**To do**
Each line below that carries the string "image" must appear in the answer.

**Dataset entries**

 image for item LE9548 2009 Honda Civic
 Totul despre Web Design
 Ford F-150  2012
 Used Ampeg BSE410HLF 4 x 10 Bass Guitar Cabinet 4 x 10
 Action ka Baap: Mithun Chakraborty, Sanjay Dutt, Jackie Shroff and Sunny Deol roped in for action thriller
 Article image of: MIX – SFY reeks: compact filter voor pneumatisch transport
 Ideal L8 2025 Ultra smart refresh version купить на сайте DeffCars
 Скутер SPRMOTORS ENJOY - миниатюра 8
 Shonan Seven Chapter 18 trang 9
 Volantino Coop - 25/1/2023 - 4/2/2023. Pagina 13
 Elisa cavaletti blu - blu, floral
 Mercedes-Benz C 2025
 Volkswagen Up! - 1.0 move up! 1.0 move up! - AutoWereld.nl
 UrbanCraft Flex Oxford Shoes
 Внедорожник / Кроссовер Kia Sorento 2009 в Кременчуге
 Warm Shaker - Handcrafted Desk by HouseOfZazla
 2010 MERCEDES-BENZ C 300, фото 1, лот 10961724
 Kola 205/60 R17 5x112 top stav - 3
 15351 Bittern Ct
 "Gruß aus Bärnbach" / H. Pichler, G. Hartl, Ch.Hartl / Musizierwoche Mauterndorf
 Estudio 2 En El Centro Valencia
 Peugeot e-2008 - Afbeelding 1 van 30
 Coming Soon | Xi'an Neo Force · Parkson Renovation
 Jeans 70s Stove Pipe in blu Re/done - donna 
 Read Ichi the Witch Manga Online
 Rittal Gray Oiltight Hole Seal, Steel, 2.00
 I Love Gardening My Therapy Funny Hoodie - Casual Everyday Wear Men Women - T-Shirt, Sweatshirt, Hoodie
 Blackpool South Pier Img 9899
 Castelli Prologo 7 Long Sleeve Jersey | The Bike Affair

**Worked solution**
 image for item LE9548 2009 Honda Civic
 Article image of: MIX – SFY reeks: compact filter voor pneumatisch transport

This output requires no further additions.